Madam Qiao folded her hands. "No one knows for sure. Some said she transferred schools. Others whispered she had problems at home. But the truth is, she simply vanished. No record, no farewell. Her library card was returned in an envelope. Unmarked."

Keqing's mind raced. "Did she write? Leave anything?"

The librarian got up, walked to a locked drawer, and pulled out a small stack of notebooks. "These were left in the lost and found. I kept them. Didn't know what else to do."

Keqing took them reverently. The top one had W.Z. scrawled on the cover. Inside were short stories, sketches, and halfway-finished poems. Some pages were dog-eared.

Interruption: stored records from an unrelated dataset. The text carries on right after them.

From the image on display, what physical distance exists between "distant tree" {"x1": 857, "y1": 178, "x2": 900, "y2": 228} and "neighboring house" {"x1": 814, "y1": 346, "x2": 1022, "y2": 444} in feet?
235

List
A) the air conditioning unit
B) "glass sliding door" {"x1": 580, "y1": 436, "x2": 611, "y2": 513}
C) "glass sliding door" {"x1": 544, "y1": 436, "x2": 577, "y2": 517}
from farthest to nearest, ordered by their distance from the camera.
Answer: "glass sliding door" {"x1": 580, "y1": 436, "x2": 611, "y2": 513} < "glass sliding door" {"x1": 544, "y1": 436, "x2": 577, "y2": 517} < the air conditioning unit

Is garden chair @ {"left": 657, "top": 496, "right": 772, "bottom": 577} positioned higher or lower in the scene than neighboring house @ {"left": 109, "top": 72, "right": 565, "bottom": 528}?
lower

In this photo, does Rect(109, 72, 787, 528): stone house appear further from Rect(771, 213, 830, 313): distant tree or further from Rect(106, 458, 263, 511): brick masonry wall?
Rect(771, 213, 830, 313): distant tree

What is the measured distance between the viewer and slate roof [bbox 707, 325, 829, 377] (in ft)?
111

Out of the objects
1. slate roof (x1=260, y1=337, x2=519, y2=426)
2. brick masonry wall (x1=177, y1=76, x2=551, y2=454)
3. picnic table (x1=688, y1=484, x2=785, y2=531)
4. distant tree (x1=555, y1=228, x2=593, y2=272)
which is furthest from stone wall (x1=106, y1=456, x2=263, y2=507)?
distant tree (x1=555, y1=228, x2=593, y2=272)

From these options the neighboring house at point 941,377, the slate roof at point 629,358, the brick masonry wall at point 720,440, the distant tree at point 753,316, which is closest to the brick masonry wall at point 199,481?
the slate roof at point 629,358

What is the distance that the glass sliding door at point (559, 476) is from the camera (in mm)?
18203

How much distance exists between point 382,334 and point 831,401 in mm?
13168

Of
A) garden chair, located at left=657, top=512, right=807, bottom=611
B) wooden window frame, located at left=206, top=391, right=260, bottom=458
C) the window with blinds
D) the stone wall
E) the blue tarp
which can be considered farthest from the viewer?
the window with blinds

Others had tiny annotations: dates, weather notes, philosophical questions like "If silence is memory's echo, what does forgetting sound like?"

She turned to a page near the middle and paused. A drawing—a girl sitting alone on a bridge, sketching trees whose roots turned into words. Underneath: "Sometimes you don't disappear. You just become part of the margins."

"Did she have friends?" Keqing asked.

"One," the librarian said. "A boy. Name: Bai Andui. Brilliant. Reserved. They would argue about poetry while sorting returned books. But after Wanzou vanished, he changed. Shut down completely."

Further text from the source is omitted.